Tonino es una hombre alto, fuerte, de manos rudas y mirada apacible, su lugar de nacimiento esta en el campo al norte del pais. Migro en los años noventa a la gran ciudad en busca de oportunidades y como cualquier hombre persistente, las encontró. Trabajó para 3 empresas en su vida laboral: 2, 5 y 12 años respectivamente hasta que en la ultima, recortaron su salario a la mitad por ajustes, para entonces ya era supervisor. Esto lo llevo a emprender, ahora maneja su propia micro empresa, lidia con clientes exigentes, paga salarios, compra materiales, hace cotizaciones y todo lo que ya ustedes pueden imaginar al respecto de su posición.
Pero en el fondo el sigue siendo un hombre de campo, se le nota!
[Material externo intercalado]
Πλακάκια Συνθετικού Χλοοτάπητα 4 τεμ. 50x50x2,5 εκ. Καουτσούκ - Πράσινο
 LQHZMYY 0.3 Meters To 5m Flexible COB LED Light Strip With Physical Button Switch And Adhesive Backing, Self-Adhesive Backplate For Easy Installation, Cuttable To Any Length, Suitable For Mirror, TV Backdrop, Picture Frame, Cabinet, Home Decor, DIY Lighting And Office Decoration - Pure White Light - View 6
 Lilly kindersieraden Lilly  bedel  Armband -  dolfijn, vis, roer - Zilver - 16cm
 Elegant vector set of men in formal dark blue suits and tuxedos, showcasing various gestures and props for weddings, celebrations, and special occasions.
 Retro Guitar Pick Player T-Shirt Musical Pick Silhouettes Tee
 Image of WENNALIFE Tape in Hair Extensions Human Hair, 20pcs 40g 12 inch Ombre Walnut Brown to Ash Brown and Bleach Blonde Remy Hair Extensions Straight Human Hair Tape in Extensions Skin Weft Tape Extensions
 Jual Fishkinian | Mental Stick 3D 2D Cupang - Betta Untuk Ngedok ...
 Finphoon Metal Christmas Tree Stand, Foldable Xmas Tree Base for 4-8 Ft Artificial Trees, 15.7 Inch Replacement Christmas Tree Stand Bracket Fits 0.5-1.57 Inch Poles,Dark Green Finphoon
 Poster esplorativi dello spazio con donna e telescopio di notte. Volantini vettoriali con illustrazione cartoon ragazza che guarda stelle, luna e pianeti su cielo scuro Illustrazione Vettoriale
Yo soy uno de sus empleados, el mas nuevo, y con el que tiene alguna cercanía. Lo admiro, puedo ver esa masculinidad y esa hombría para cambiar las situaciones y transformar la realidad. Eso es lo que hicieron los hombres antes que nosotros.
Nuestro hombre ha cambiado, se ha adaptado, maneja las tecnologías modernas, conoce las dinámicas sociales actuales, tanto que tolera con comodidad las diferencias entre su esposa y su hija, (que obedece al avance de los derechos de la mujer), el compañero sentimental de su hija trabaja en la empresa y su realidad genera valor en el entorno.
Pero en algunas cosas, exige procedimientos a la vieja usanza, le gusta conservar algo de si mismo para no perderse tal vez.
Muchos hombres contemporáneos a mi generación tienen otras habilidades, veo la gran capacidad intelectual, física y a veces moral de muchos amigos, vecinos, conocidos cercanos y lejanos, que se encuentran en mi rango de edad (30-39 años), pero brillan por su ausencia algunas capacidades profundas: encarar y tomar acciones para cambiar la realidad. Tanto, que ojeando un poco el ramo profesional en el que me encuentro en la ciudad donde vivo actualmente, es difícil ver el relevo generacional: la mayoría de emprendedores tienen 50 o mas años.
Tal vez esto sea producto del gran cambio social que observamos; hoy quiero gritar a voz en cuello, que necesitamos mas de esta capacidad de los hombres de antaño, sin volver al camino andado, copiar lo mejor del pasado y poner mano a la vida para cambiar este presente tan agobiante.